Д.Д. Гримм, не опровергая приведенную позицию, в соответствии с которой добросовестность определяется через неведение, незнание определенных фактов, аргументированно изложил иную точку зрения. Ученый выдвинул тезис, согласно которому «римские юристы столь же основательно смешивали mala fides с нечестностью, как это практикуется и теперь», несмотря на то что «простая возможность предвиденья известных обстоятельств как таковая вовсе не содержит в себе ничего нравственно предосудительного»*(36). В конце работы он пришел к следующему выводу: «Хозяйственное значение bona fides вовсе не изменяется от того, смешивали ли или не смешивали римские юристы это понятие с честностью»*(37).
Добросовестность, рассматриваемая с субъективных позиций, может быть охарактеризована не только через отрицание (неведение, незнание фактов), но и через утверждение (внутреннее убеждение субъекта в законности и обоснованности, честности его фактического владения). Так, Дернбург считал, что «bona fides» - это «честное убеждение», означающее убеждение в приобретении владения без обмана, без ущемления прав другого лица.
Как видим, рассматриваемая с таких позиций добросовестность тесно связана с приобретением права собственности на вещь, и в современном гражданском праве нашей страны она находит отражение в презумпции добросовестности приобретателя*(38) и в юридическом составе приобретательной давности*(39) (п.1 ст.234 ГК РФ).
Следует отметить, что не все исследователи считают необходимым включать добросовестность в состав приобретательной давности как один из элементов последней (как одно из требований, по мнению С.И. Вильнянского). Однако большинство ученых (например, Б.Б. Черепахин, Г.Н. Амфитеатров, Ю.К. Толстой) считают обязательным требование добросовестности в рамках приобретательной давности. Так, Б.Б. Черепахин выделял следующие элементы сложного юридического состава: «а) возмездная двусторонняя отчуждательная сделка; б) передача вещи, если она определяется родовыми признаками; в) добросовестность приобретателя (выделено мной. - В.В.); г) определенный порядок выбытия вещи из владения собственника (не похищена, не утеряна); д) не принадлежность вещи к объектам государственной собственности»*(40).

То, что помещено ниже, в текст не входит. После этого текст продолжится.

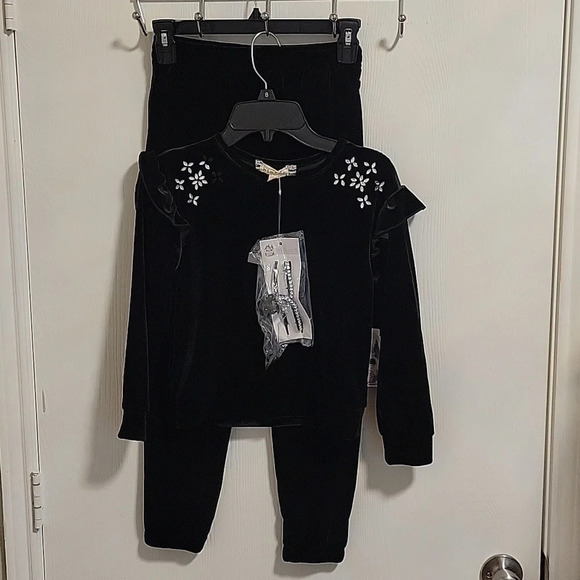 New With Tag Girls 2 Piece Top & Pants with Matching Hair Clip Size 8 Velor Soft - Picture 9 of 9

Л.И. Петражицкий, И.Б. Новицкий считали, что добросовестность с субъективной точки зрения имеет значение и для обязательственных правоотношений.
Как отмечалось, очень важную роль в исследовании категории добросовестности в цивилистике сыграла работа Л.И. Петражицкого «Права добросовестного владельца на доходы с точек зрения догмы и политики гражданского права». По мнению ученого, в интересах развития гражданского оборота, для повышения устойчивости, продуктивности народного хозяйства необходимо установить более строгие условия признания наличия доброй совести.
Л.И. Петражицкий различал две функции добросовестности - в области распределения и в области обращения хозяйственных благ: «Следует различать: 1. Значение и роль bonae fides и особого права bonae fidei в области распределения, а именно значение понятия добросовестности для политики обеспечения status quo установившегося фактически (по недоразумению) распределения. Здесь b.f. означает невозможность предвидеть угрожающее перераспределение, она является хозяйственной неподготовленностью к внезапному изменению status quo, а соответствующие нормы права исполняют функции смягчения неожиданного удара и предупреждают такое перераспределение, которое бы производило минус в народном благосостоянии. 2. Значение b.f. для политики обращения хозяйственных благ, для облегчения и ускорения движения полезности и ценности. Здесь особая система норм о b.f. облегчает сбыт и приобретение объектов, устраняя на стороне спроса сомнения относительно юридического успеха сделок»*(41).
В итоге, как представляется, речь может идти о признании за категорией добросовестности статуса правопорождающего факта. Добросовестный приобретатель не имеет возможности основывать свои права на вещь на правопреемстве прав от своего контрагента, так как такие права у неуправомоченного отчуждателя отсутствуют. Именно посредством добросовестности, по мнению законодателя, лицо приобретает право на вещь. По словам Г. Вульфа, «добросовестность имеет здесь большой вес».